In 1997, Olivo won the Mosi Tatupu National Special Teams Player of the Year award. He holds MU’s career rushing yards record with 3,026 and he won the offensive most valuable player and Don Faurot Most Inspirational Player awards three straight years.
Olivo has returned to Columbia since he finished his prolific career, but he said this trip was different from the rest.
“All my closest friends and family were able to experience this one with me, so it obviously meant more than the other trip,” he said.
During the ceremony, fans from his hometown carried a banner reading, “Washington, Missouri Salutes Brock,” through the stands. The student cheering section chanted his name, and Olivo cried.

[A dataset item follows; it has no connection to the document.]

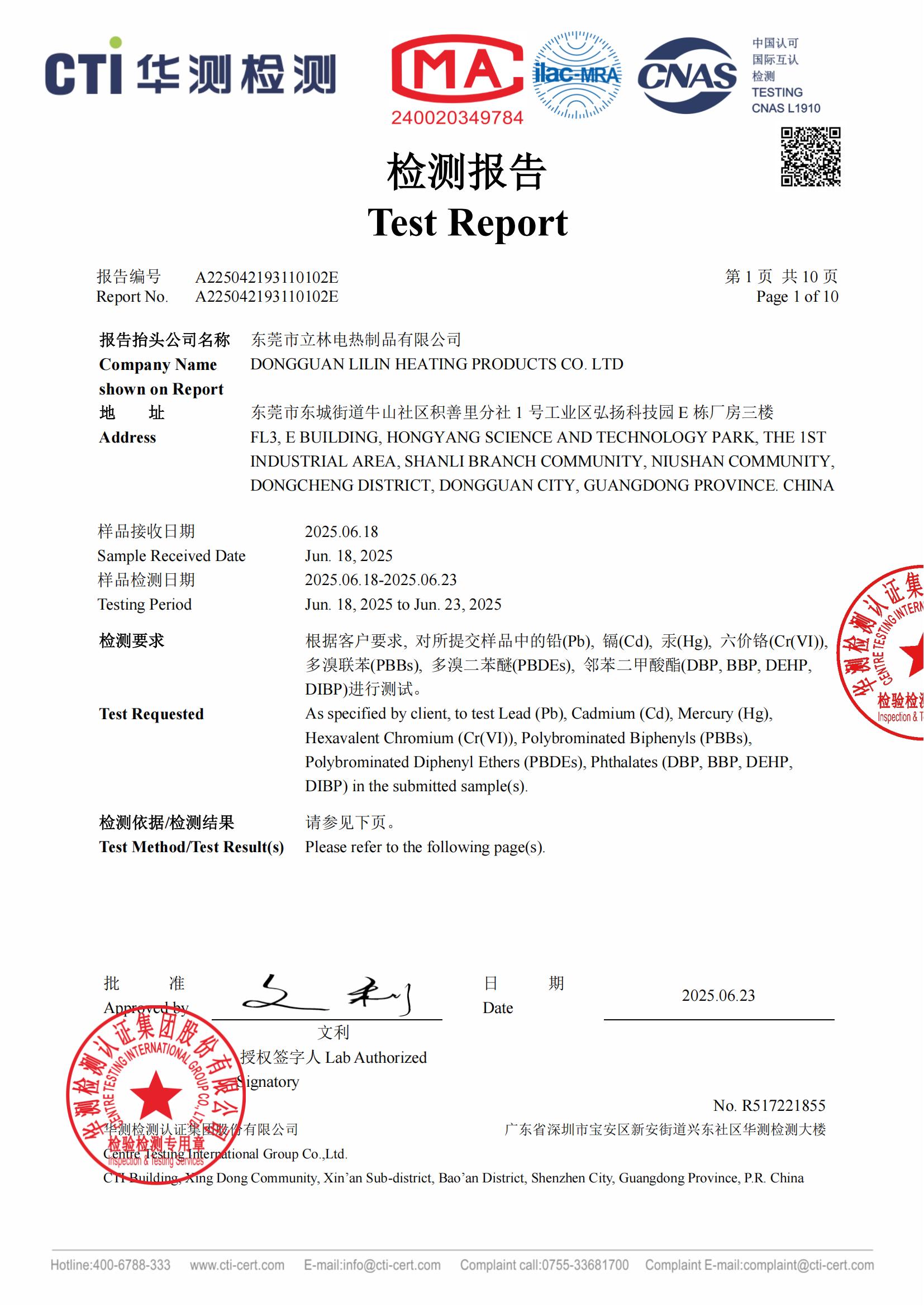 立林電熱-熱電偶ROHS報告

“I clammed up; I had tears coming down,” he said.
In 1997, Olivo’s senior year, the Tigers went 7-5 and played in the Holiday Bowl, their first bowl appearance in 14 years. The season was Olivo’s greatest MU memory.“We pulled Missouri out of the cellar, if you will,” Olivo said. “There’s nothing greater than realizing we had sealed a winning season.”
After finishing his career at MU, Olivo returned kickoffs for five years in the National Football League, playing for the Detroit Lions. He then spent a year in Rome, Italy, as the offensive coordinator of the Ostia Marines, a club team. He ended up playing as well as coaching.
“It was an American football team but it was all (spoken) in Italian,” Olivo said. “It was one of the most interesting things I’ve ever done.”
Olivo is done playing football, but he is unsure if it will enter his life again.
“I’m through with football as far as sliding a helmet onto my head,” Olivo said. “I’m sort of putting feelers out as to where it is life will take me next.”
Living in Washington, D.C., Olivo teaches Italian part-time in a foreign language exchange program and also is involved with the National Italian American Association.
“I’m sort of an ambassador, if you will, for our great heritage of Italian-Americans,” Olivo said.
He is engaged and plans to marry next summer. And Although his fiancée, Ianthé Jackson, is from Washington, D.C., Olivo is sure of one thing.
“This won’t be my last trip to Missouri,” he said.